Technology stocks were among the biggest losers, mirroring a sell-off in China, where talk of tighter regulation sent technology shares skidding.
But U.S. shares clawed back some of their losses over the course of the day, with the tech-focused Nasdaq Composite reversing the bulk of its early 2% decline.
Investors said the snap back in shares suggested that inflation concerns were not quite so entrenched yet, despite rising commodity prices and labor shortages in the United States. They said the sheer volume of money sloshing around in financial markets also meant some individuals are always looking to invest their cash on pull-backs.
“Welcome to a lot of money,” said Paul Nolte, a portfolio manager at Kingsview Investment Management, which oversees $2 billion. “The worry is maybe inflation is something more than transitory, but it looks like this is a mood swing for now rather than a longer-term concern.”
The Nasdaq Composite ended little changed, while the Dow Jones Industrial Average dropped 1.4%. The S&P 500 fell 0.9%, off a one-month low struck earlier Tuesday.
Bets that inflation could accelerate in the coming months burst to the fore on Monday when the breakeven rate on five-year U.S. Treasury Inflation-Protected Securities (TIPS) – a measure of inflation expectations – jumped to a decade-high 2.717%. It traded at 2.695% by late Tuesday.
The 10-year TIPS breakeven rate stood at 2.539%, indicating that the market sees inflation averaging 2.5% a year for the next decade.
All eyes are now on the U.S. consumer price index report to be released by the U.S. Labor Department on Wednesday. Until then, some investors appeared to be buying on dips.
The dollar, which slipped to a 10-week low on Tuesday on concerns that mounting price pressures could erode its value, also narrowed some of its earlier losses.
The dollar index, which measures the greenback against six major currencies, was little changed at 90.188, after touching a low of 89.979. [USD/]
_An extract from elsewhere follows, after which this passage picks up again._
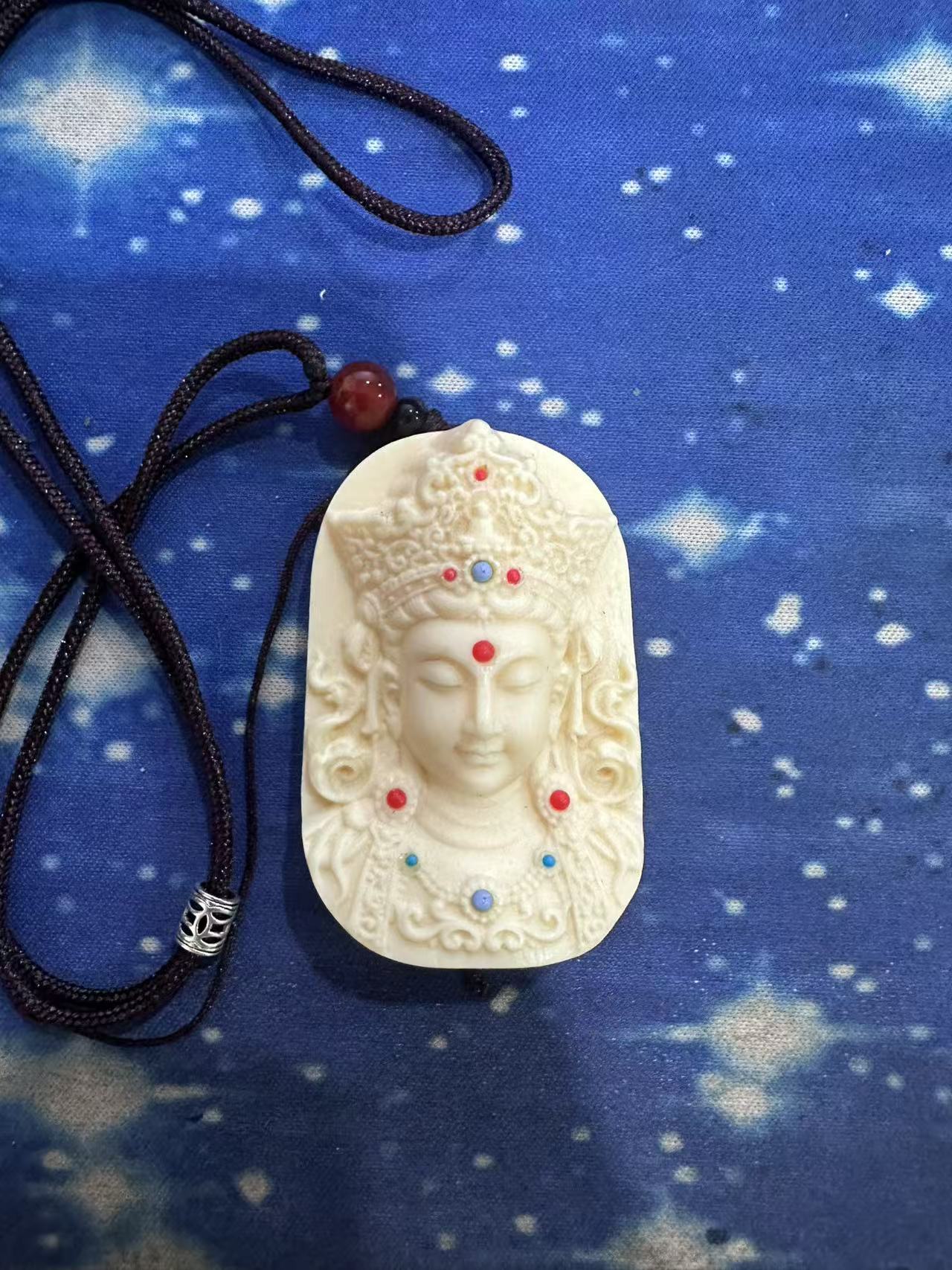 C315 象牙果雕刻脖挂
The currencies of major natural resource suppliers such as Canada held ground amid rising commodity prices. The loonie was little changed at C$1.2097 after hitting a 3-1/2-year high of C$1.2078.
The Australian dollar, another proxy for commodity prices, was steady at $0.7839, but off a 10-week high of $0.7891 struck on Monday.
Gold also recouped early declines, as a softer dollar offset losses generated by rising U.S. Treasury yields. Spot gold edged up 0.11% to $1,837.39 per ounce, after dropping as much as 1% earlier.
In keeping with market worries about a pick-up in inflation, the yield on benchmark 10-year Treasuries edged up to 1.6235%, though off a high of 1.6310%. [US/]
The spread between benchmark two- and 10-year Treasuries also widened slightly to 146 basis points, up more than 1 basis point from the previous day.
Oil prices were not spared of the day’s volatility, and had reversed all early losses by the end of Tuesday’s session, lifted by fears of a gasoline shortage after a cyber attack caused an outage at the largest U.S. fuel pipeline system.
U.S. crude gained 0.8% to $65.44 a barrel. Brent crude added 0.5% to $68.69 per barrel. [O/R]
In cryptocurrencies, ether dipped from record levels hit on Monday, but was nevertheless up 3.7% at $4,101.15. The value of the second-biggest digital token has surged over 5.5 times so far this year.